Could you imagine a world with no Valentine’s day? February 14th would just be a normal day, like September 18th or March 21st. But what would this mean for the love struck people out there who dwell on the excuse of St Valentine’s day to give or receive some kind of love token? Will a world without Valentine’s day mean people  showing more love everyday  and the florist making a mad killing irrespective of the day? Or restaurants succumbing to everyday intimate atmospheres to entertain couples who just feel like loving and being loved today just for the sake of…well…love! Or will we have to endure the opposite; a society where love tokens are only seen at the beginning of a new relationship (what I’d like to call ‘new love’) and older relationships remain less expressive and more mundane – business as usual, status quo!

Can we really relay on men, or women for that matter, to buy the occasional bouquet of flowers or pack of decadent chocolate, or my favorite, the oversized teddy bears to show some kind of appreciation for their partner, without the help of societal pressure to conform to a commercialized day of love? Would not hold my breath on that! Come on, we are human, we get boggled down by routine and the hustle and bustle of everyday blues, so we are bound to take for granted the people who mean the most in our lives, just because they too become part of our daily routine. At least we have other days to celebrate the importance of other family members and friends (mother’s day, father’s day, birthdays) so why not Lover’s day! A day we celebrate our lovers!

I would be amiss to say that Val’s Day has not been commercialized…no in actual fact I would be blind to say that! Who can miss all the red/pink color combo decorations all around us once we barely reach the end of January! It’s like we can’t get enough of the red hearts and pink bows and arrows! Not to leave out the cupid-like paraphernalia propagandizing the belief that there is this chubby childlike creature going around shooting arrows with love induced tips! (Okay so maybe the cupid part is just me and my whacky imagination). But really, so what if Val’s Day is over-commercialized…isn’t everything else! Santa Clause, the Easter bunny and the turkey all have their moments to shine during the year, so why not Cupid and his mischievous ways! Why shouldn’t love also have its day to shine?

So here what I really think of St Valentines Day:  Yes, like every other celebrative event, there is some story behind Val’s day that in most cases really has nothing to do with why we really celebrate this day in the first place but I’m not going to bore you or myself with that story. Thank goodness for Google and Wikipedia! Knock yourself out! However, if you would allow me, let me explain why I think Val’s Day is important:

As mentioned above, in a relationship, there is the beginning ( new love) …and the rest (old love). The new love stage is when two people find themselves and for the life of them just can’t seem to shake ‘the butterflies in the stomach’, the uneasy yet exciting feelings the body goes through… you know, what we call the mushy mashy time when the two lovers – if they had their own way – would spend every living second in each other arms, staring into each others eyes! For this love, Vals day is really not necessary! Really… I mean it only gives these ‘new lovers’ more reason to rub society’s nose in the fact that they found each other! (Woohoo!) It’s like a license to flaunt their new love, which mind you, they do everyday! Yup, new love is fun and refreshing, so in actual fact it does not need the renewing magic of Valentine’s Day.

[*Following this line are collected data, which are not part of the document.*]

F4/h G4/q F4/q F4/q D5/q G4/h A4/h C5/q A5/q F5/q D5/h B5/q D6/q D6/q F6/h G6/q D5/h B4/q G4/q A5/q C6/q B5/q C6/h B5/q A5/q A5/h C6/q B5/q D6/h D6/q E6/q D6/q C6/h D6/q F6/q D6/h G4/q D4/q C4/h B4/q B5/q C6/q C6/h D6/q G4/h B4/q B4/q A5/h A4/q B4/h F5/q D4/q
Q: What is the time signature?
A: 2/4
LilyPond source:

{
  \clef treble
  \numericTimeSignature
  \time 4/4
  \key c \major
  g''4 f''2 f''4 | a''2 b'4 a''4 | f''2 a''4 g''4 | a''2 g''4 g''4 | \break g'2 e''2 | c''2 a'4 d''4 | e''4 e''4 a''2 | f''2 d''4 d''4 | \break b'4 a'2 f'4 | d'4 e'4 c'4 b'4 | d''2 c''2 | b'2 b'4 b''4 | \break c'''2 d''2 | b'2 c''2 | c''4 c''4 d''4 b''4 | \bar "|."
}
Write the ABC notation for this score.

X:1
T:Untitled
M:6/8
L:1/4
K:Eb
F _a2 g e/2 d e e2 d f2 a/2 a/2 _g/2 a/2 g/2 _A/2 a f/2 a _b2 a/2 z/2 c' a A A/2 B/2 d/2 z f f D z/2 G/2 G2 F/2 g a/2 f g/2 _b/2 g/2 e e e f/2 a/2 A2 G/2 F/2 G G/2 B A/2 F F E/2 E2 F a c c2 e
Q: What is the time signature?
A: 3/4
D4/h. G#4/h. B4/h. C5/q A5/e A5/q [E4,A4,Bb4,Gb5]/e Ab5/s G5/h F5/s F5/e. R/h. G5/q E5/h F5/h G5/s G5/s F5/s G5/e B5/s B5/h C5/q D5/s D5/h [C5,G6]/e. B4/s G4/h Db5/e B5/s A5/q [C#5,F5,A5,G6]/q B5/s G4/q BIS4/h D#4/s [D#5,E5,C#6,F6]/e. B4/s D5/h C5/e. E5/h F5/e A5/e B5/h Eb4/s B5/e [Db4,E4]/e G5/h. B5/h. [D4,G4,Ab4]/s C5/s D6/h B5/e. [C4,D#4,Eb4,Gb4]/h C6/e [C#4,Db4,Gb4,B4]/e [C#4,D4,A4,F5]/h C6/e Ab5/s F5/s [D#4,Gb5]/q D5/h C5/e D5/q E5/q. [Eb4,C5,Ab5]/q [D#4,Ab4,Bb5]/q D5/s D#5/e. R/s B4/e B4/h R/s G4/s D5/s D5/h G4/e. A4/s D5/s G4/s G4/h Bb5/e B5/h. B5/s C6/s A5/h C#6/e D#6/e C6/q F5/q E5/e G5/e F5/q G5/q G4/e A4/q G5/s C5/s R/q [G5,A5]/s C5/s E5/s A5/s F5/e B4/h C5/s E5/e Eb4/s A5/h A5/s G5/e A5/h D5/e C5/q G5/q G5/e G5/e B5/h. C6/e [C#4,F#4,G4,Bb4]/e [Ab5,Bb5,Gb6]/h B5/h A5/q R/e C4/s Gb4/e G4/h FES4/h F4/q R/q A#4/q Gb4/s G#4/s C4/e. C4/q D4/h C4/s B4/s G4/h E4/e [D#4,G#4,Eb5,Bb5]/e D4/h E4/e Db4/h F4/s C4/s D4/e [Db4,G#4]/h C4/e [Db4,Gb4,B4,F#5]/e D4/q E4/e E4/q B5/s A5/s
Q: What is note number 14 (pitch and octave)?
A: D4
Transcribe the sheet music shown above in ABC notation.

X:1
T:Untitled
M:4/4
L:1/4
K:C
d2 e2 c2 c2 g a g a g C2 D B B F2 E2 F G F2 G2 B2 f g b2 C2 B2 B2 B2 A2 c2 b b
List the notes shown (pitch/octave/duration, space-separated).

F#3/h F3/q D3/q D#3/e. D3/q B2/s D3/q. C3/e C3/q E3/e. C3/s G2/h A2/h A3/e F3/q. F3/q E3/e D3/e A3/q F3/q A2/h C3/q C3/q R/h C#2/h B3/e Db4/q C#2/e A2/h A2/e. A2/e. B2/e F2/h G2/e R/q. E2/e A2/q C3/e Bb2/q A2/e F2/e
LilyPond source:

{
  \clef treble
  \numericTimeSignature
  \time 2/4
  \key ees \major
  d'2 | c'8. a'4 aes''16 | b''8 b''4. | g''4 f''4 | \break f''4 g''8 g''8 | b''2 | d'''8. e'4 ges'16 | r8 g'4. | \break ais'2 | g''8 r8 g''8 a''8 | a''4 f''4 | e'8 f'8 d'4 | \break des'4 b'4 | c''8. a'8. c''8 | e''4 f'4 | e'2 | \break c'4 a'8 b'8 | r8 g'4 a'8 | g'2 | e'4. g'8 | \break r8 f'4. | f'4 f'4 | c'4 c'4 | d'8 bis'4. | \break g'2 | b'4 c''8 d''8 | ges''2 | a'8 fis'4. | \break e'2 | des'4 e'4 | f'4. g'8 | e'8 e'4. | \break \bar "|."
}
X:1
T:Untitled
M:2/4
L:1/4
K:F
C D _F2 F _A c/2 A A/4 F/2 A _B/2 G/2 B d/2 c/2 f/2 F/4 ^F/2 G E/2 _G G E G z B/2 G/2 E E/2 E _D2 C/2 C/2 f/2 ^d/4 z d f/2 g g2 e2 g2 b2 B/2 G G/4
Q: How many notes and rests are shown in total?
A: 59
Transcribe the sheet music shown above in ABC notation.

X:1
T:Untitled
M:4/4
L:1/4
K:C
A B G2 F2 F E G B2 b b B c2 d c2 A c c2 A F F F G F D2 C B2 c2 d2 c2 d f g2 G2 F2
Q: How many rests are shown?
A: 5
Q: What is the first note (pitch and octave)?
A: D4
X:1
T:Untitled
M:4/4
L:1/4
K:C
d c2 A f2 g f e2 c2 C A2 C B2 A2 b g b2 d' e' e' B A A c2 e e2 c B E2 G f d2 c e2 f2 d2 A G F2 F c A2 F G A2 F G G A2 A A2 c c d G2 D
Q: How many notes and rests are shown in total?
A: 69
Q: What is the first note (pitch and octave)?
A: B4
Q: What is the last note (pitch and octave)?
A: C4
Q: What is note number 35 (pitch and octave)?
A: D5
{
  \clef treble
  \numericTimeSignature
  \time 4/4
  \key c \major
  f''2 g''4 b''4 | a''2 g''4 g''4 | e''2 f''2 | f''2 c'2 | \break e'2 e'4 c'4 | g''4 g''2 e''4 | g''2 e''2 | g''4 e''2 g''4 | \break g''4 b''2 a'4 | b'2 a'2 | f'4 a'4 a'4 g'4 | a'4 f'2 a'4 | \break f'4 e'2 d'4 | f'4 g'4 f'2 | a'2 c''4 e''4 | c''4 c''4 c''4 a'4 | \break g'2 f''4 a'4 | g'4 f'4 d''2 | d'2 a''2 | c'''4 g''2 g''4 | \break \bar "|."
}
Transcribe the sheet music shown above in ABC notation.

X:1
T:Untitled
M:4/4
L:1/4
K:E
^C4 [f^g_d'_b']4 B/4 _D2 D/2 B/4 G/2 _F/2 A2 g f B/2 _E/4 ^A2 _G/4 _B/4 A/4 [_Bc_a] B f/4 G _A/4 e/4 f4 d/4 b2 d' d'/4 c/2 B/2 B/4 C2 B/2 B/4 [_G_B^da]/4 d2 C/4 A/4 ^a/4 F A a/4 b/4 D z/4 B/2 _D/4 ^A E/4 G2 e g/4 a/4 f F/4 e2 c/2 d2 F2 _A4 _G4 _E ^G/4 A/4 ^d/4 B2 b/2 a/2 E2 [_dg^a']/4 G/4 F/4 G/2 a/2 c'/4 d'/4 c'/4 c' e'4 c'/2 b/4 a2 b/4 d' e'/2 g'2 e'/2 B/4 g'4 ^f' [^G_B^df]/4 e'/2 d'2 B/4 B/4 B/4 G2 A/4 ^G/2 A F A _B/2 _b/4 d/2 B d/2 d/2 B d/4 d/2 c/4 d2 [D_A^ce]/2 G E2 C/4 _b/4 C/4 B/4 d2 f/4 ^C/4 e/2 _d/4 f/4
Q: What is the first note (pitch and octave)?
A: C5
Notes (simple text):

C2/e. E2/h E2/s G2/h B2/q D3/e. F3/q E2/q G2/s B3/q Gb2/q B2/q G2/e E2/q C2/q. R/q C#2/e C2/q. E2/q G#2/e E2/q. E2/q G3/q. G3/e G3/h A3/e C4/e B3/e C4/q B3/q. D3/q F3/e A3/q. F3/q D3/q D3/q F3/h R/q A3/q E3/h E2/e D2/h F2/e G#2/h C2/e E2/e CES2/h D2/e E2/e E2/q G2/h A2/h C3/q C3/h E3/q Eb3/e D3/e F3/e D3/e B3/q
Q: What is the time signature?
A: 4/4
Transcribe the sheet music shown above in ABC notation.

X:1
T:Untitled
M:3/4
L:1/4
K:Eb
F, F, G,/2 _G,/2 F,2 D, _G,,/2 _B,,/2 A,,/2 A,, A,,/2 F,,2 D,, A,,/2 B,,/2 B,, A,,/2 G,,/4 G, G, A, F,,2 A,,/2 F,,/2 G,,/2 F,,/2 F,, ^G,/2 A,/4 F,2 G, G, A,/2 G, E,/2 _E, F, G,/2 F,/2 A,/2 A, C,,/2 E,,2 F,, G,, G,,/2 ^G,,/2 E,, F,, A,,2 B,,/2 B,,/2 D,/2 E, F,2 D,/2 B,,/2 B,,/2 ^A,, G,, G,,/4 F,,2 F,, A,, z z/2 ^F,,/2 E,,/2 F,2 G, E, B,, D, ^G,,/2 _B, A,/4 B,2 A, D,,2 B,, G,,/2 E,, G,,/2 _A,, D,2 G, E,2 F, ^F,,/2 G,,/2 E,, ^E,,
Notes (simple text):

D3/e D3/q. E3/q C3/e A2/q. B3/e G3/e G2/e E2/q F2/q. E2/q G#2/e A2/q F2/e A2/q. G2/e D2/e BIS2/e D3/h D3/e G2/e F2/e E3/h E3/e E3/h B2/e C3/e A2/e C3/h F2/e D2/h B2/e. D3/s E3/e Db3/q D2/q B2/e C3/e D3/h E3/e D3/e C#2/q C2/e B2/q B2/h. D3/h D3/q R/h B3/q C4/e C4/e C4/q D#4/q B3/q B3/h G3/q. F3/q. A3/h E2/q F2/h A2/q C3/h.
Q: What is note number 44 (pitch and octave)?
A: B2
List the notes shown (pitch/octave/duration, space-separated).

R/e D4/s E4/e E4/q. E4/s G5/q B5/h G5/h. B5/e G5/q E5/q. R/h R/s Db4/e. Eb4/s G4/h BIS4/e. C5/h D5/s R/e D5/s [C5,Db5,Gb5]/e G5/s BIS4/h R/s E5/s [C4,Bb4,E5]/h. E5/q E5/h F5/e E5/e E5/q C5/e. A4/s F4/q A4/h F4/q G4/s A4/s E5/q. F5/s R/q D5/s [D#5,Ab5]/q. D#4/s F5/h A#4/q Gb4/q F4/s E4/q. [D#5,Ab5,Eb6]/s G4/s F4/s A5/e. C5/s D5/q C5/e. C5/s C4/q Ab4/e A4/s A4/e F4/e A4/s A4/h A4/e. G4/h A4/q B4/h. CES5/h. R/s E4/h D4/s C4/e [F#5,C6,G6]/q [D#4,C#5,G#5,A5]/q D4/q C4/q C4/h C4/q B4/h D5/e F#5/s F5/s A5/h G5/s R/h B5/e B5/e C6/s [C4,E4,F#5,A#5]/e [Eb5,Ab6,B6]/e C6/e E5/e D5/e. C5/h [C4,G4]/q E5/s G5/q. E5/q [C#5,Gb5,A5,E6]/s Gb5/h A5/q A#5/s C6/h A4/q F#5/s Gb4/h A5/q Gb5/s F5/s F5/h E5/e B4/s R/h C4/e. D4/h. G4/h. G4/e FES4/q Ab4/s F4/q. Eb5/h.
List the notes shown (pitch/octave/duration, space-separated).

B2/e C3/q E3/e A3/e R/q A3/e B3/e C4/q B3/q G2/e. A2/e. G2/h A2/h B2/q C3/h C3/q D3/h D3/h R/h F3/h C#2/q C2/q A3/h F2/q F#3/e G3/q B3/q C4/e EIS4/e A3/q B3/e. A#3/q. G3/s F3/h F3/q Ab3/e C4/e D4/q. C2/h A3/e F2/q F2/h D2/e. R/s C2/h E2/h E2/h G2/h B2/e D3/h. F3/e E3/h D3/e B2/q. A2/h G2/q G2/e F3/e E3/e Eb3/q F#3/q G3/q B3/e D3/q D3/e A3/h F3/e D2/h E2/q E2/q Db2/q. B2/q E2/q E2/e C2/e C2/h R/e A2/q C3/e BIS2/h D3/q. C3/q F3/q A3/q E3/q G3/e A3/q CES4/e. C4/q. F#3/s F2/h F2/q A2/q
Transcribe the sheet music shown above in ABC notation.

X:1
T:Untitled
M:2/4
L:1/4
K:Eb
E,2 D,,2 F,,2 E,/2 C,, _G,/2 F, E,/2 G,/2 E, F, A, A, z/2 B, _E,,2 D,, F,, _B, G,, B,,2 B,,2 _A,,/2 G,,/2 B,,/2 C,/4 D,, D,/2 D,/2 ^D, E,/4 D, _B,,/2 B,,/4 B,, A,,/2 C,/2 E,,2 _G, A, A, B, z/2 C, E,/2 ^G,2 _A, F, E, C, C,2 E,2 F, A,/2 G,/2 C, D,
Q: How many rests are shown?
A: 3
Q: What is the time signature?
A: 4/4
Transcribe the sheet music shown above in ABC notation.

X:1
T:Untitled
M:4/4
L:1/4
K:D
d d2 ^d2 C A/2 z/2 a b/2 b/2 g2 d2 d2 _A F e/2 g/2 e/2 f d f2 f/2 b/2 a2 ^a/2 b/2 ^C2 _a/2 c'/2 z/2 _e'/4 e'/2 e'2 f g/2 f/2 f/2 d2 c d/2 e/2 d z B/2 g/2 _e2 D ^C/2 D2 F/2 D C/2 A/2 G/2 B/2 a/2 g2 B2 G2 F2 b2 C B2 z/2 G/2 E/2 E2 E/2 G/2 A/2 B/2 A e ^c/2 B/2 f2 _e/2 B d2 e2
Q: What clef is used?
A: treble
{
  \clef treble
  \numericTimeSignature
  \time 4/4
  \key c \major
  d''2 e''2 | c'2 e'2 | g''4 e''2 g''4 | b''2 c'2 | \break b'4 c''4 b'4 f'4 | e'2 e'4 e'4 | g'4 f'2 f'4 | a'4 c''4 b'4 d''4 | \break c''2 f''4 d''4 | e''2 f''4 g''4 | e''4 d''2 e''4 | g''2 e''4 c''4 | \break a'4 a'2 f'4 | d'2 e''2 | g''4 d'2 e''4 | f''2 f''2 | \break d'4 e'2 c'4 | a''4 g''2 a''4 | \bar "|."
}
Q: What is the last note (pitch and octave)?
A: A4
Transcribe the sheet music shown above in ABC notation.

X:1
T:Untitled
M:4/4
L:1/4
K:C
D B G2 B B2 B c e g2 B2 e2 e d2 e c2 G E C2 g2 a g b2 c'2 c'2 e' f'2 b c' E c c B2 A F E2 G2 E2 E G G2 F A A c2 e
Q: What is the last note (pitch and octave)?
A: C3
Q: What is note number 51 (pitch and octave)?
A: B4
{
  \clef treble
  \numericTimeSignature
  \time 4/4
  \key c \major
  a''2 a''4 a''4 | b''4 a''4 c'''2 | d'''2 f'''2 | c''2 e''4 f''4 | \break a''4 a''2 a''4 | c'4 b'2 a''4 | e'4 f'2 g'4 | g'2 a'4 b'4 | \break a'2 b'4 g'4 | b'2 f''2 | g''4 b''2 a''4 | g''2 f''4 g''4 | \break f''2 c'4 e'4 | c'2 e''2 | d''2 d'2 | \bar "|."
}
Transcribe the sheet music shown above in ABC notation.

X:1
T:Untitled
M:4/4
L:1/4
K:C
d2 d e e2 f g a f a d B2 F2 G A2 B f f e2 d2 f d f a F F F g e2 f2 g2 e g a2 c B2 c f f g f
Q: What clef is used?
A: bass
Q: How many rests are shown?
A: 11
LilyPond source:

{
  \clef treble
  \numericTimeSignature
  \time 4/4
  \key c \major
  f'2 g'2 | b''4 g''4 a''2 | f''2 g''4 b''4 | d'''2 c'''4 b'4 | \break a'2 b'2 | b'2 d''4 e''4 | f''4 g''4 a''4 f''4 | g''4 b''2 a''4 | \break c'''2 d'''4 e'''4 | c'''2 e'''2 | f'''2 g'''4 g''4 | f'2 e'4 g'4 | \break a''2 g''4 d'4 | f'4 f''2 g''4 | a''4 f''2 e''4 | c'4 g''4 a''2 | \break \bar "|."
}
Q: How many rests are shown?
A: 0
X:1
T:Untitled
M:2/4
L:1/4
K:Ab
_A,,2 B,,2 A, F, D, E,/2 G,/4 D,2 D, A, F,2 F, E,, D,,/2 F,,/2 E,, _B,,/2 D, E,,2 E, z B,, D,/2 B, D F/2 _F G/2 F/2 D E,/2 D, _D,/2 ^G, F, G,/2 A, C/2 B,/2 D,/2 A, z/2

However, the rest of a relationship (old love): technically I would say after a year in a relationship…you are coasting over to the old love phase. Routine sets in, familiarity is inevitable, at this stage the butterflies have definitely settled and the extra miles taken to make the other partner feel special is at an all time minimum. Life begins to happen, and although love is lurking in the shadows, observers are not sickened by the constant display of public affection. Now here, the magic of Valentines Day can go a long way. It’s just that one day when old love becomes renewed! The increased attention, extra affection, and of course the gifts and love tokens don’t hurt. On this day, observers are not peeling over with disgust…no, they demand to see the renewal of old love and instead of eye rolling and teeth sucking, there are smiles and oohhs and aaahhhs. It’s a time when the ‘old’ couples can revert back to the times of their new love. Its just that time of year when you show the one you care about just how much you do care and this can be done in so many ways; although the chocolate manufacturers, florists and restaurants have taken first dibs on the ‘most appropriate’ ways to celebrate this day. But that should not stop us from finding other creative and subtle ways to celebrate love.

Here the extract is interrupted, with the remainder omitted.